A Roma si è insediata anche Enhalor, attiva nel settore della chimica applicata all'agricoltura e tra le prime aziende cinesi nella produzione di additivi per mangime. L'azienda è pronta a creare partnership per svolgere attività di ricerca e per avviare attività produttive.

Il design legato all'abbigliamento è al centro dell'attività che Zhejiang Xiongfeng Holdings sta avviando a Milano, dove cerca personale per il suo nuovo ufficio operativo. L'azienda è un big del settore tessile e annovera tra i suoi clienti H&M, Zara e Mango.

A Bergamo, infine, sta cercando personale un noto marchio specializzato nella produzione di attrezzature e accessori per la sicurezza nelle attività sportive. Le assunzioni serviranno per curare il design dei prodotti, che poi saranno esportati in tutto il mondo.

"La costituzione delle nuove filiali italiane da parte di importanti società cinesi - ha affermato Giuseppe Arcucci, responsabile dell'area Investimenti Esteri di Invitalia - è stata possibile grazie alla nostra Agenzia, che ha supportato gli investitori nella fase di insediamento. Si tratta di imprese di grandi dimensioni per le quali la creazione di un braccio operativo in Italia, inizialmente con un moderato numero di dipendenti, è la premessa per un successivo sviluppo in termini di investimenti e risorse umane. Ne è un esempio Huawei, colosso mondiale dell'ICT, che si è insediato in Italia nel 2004 con pochi dipendenti e oggi ne ha circa 250. Pertanto questo è solo il primo passo. Resteremo al fianco di queste aziende per supportarle nei loro percorsi di crescita".

Intanto Invitalia ha posto le basi per altri investimenti organizzando nei giorni scorsi a Roma, insieme al Doftec (Dipartimento commercio estero e cooperazione economica della Provincia di Guangdong) un incontro d'affari con otto importanti aziende cinesi interessate alle opportunità di business in Italia e ad avviare collaborazioni industriali.
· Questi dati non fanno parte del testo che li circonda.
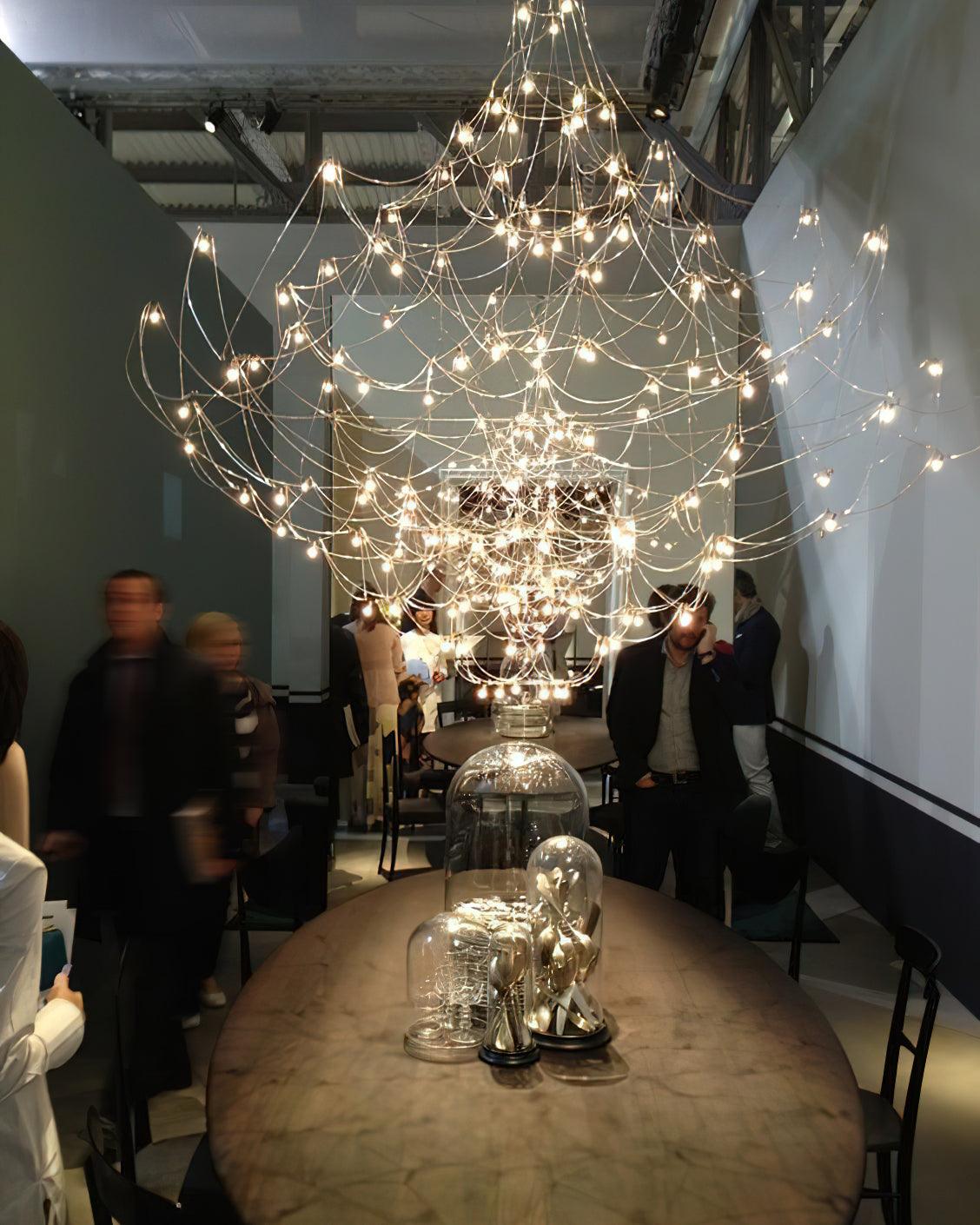 Adairenna Stainless Steel Chandelier-Moonnatur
Tra esse il Guangdong Tourism Group Company, una delle più grandi aziende a controllo pubblico della Cina e molto attiva nel comparto alberghiero, e Guangzhou Textiles Holdings Limited, operante nel settore dell'abbigliamento e tra le prime 200 imprese cinesi per volume di esportazioni.

All'incontro, coordinato dal Consolato Generale d'Italia a Canton e promosso nell'ambito delle attività del Comitato governativo Italia-Cina, hanno partecipato, tra gli altri, l'Ambasciata cinese in Italia, il Ministero degli Esteri, il Ministero dello Sviluppo Economico, Confindustria, la Fondazione Italia Cina e la Camera di Commercio italiana in Cina.